George Paul (1820- 1884)  grew up in Shave Cross and was sentenced to 10 years ‘beyond the seas,’ and  incarcerated in Dorchester Gaol and the  Millbank Penitentiary while awaiting his transportation to Van Diemens Land on the convict ship Theresa .  

There were hundreds of Dorset people, mainly agricultural workers that were transported. There were many men and women removed from Dorset and sent away on convict ships to Tasmania.

This story covers George’s life in Marshwood Dorset where at the age of 24 years his life changed forever when he was found guilty of stealing from a local farmer and from his uncle Aaron Paul a shoemaker in Shave Cross.  George’s punishment reverberated in the local parish and cut deeply into family relationships. The Paul family were well known to Marshwood’s inhabitants and Georges’ fate would have been talked about in the Shave Cross Inn and in nearby cottages and farms.
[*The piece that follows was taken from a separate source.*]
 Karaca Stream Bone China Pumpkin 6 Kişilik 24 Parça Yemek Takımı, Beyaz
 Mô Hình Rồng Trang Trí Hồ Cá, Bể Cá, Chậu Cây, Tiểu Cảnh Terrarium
When George arrived in Hobart, he did work in a convict gang and then served the rest of his punishment labouring for six different masters. After he gained his freedom, he went to the mainland and took part in the goldrush in Ballarat.

At the time of his death in 1884 George was one of those rare individuals, a past- convict, who had lived in three of Australia’s six colonies – Van Diemens Land; Victoria and New South Wales.